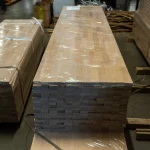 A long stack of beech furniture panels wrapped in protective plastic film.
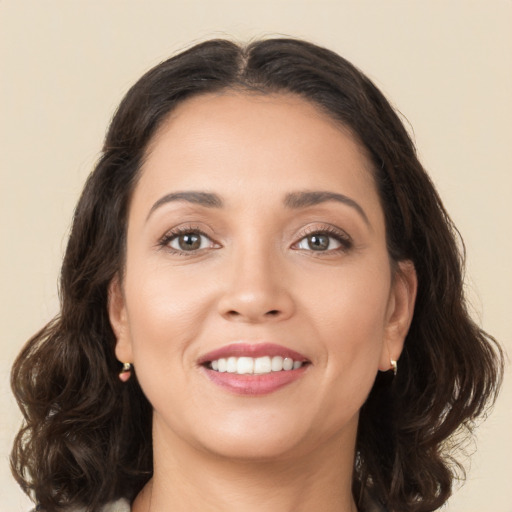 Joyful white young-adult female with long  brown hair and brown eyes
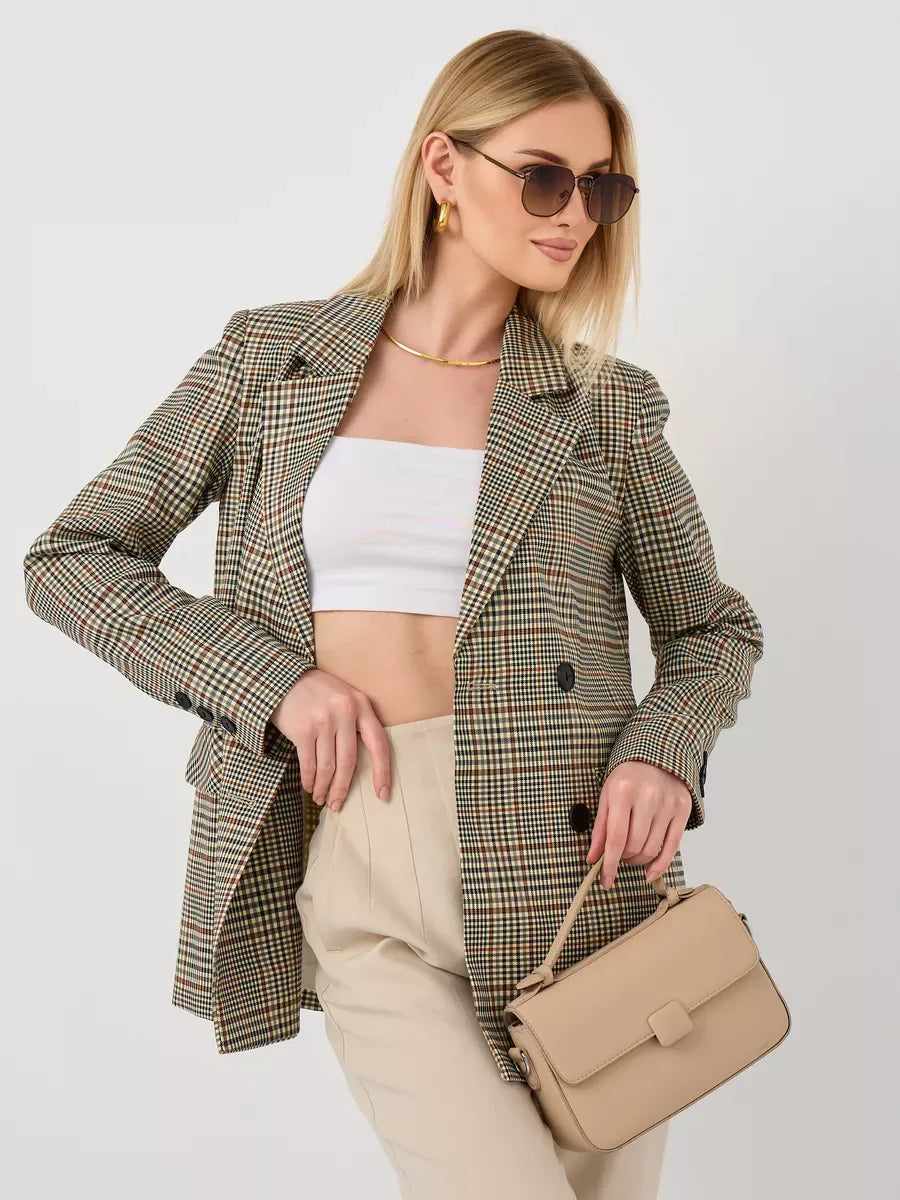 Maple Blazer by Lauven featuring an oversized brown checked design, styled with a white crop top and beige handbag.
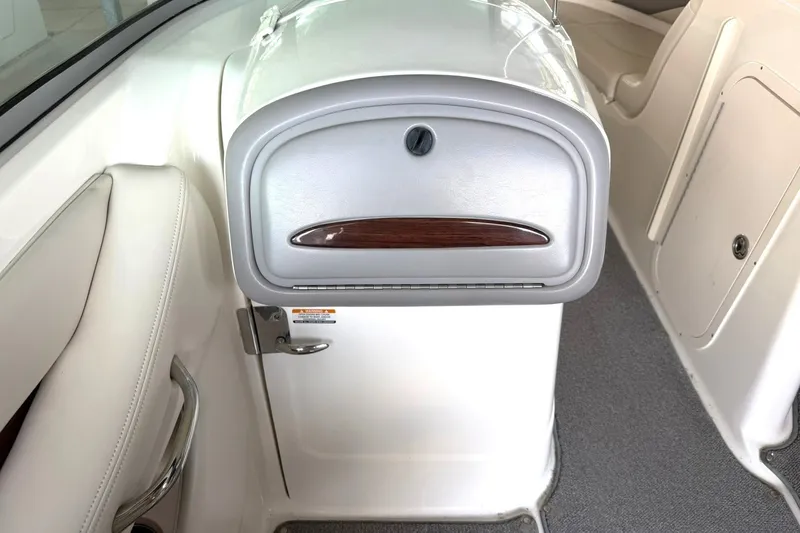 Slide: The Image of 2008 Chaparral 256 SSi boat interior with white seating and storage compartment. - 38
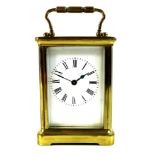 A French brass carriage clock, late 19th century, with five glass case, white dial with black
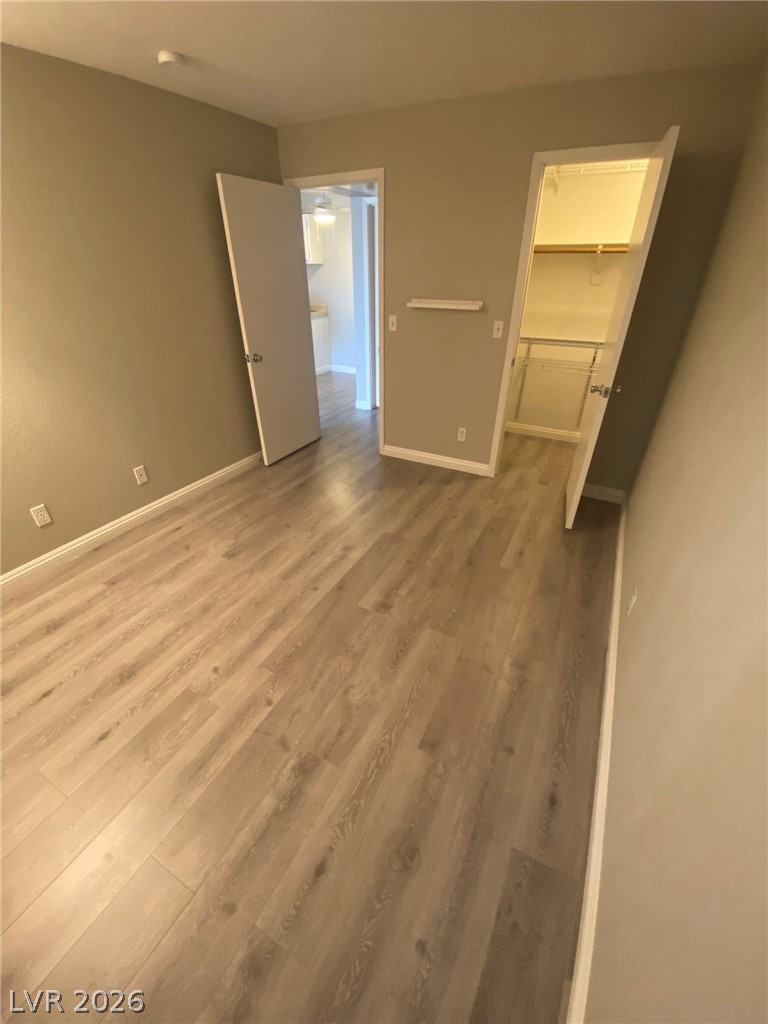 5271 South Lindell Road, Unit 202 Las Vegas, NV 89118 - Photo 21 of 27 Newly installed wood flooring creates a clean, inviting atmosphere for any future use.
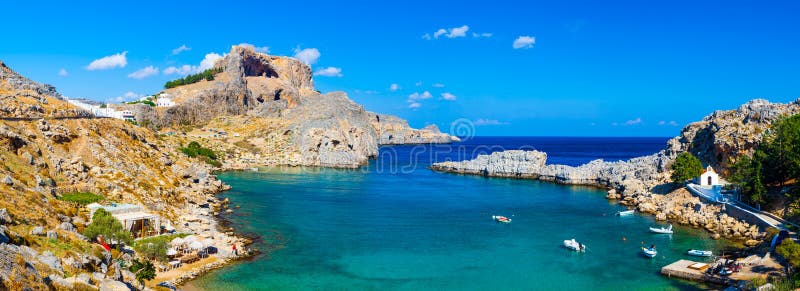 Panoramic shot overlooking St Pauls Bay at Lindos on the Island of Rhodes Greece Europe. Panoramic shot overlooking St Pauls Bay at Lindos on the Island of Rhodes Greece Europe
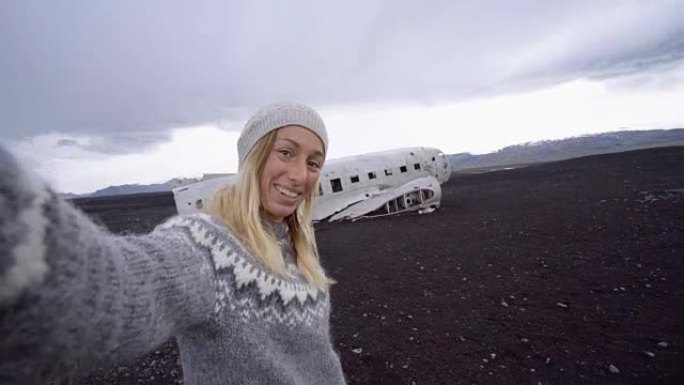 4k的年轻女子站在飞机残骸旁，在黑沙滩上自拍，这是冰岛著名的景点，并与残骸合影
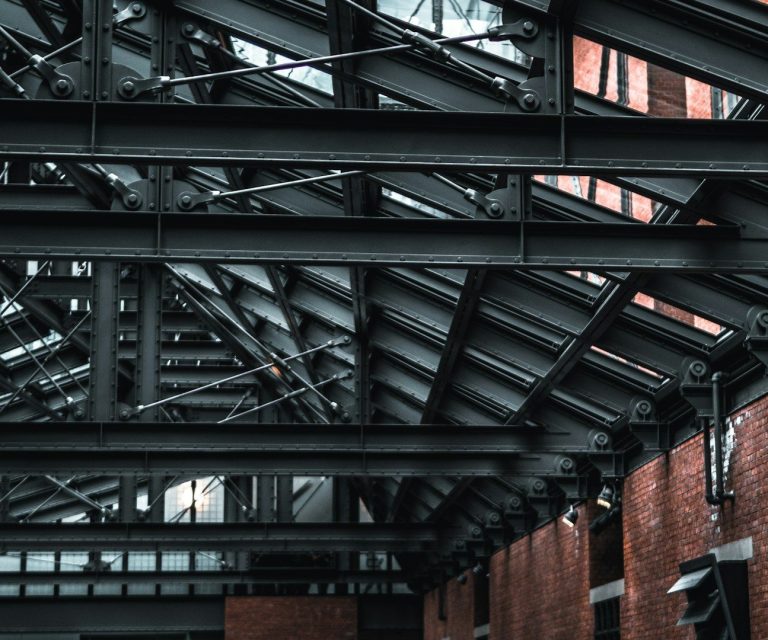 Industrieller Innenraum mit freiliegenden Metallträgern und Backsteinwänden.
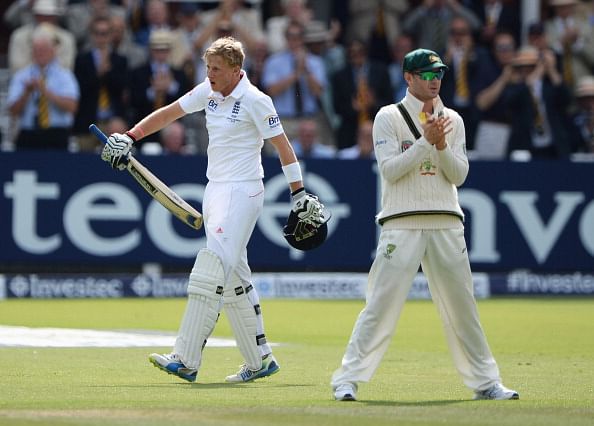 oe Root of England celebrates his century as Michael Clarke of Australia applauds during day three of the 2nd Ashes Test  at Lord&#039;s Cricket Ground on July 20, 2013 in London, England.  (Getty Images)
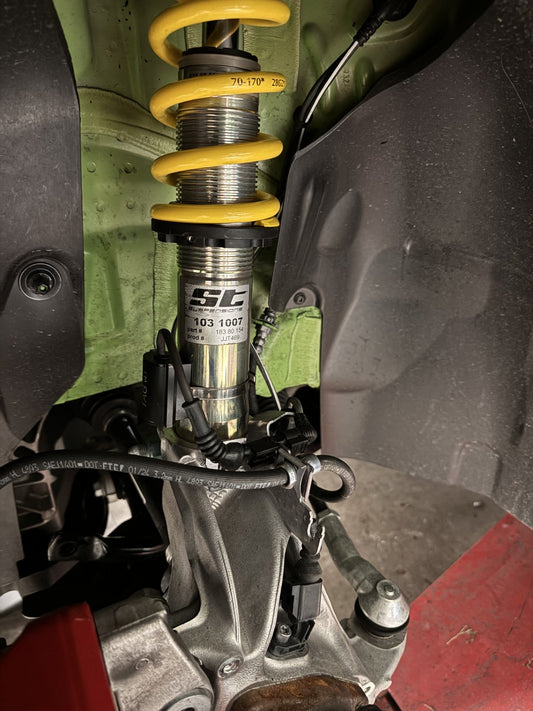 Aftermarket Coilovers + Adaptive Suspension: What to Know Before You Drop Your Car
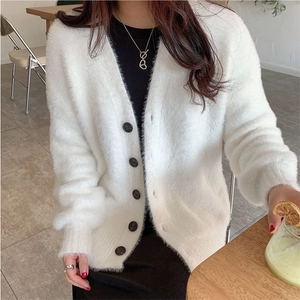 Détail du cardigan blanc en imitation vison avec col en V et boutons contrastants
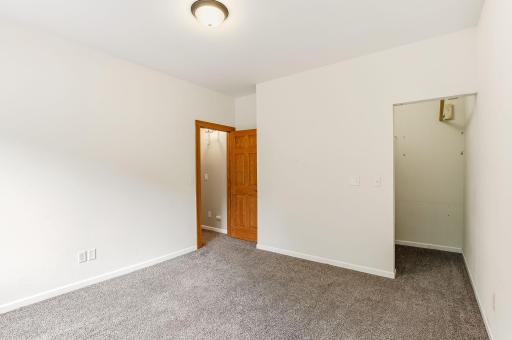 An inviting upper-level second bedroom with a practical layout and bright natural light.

■ ■ ■ ■

### What you have to do
Start with the first line of the records above and end with the line containing "Slide: The Image". Output those lines exactly, pictures excluded.

### Answer to the problem
 A long stack of beech furniture panels wrapped in protective plastic film.
 Joyful white young-adult female with long  brown hair and brown eyes
 Maple Blazer by Lauven featuring an oversized brown checked design, styled with a white crop top and beige handbag.
 Slide: The Image of 2008 Chaparral 256 SSi boat interior with white seating and storage compartment. - 38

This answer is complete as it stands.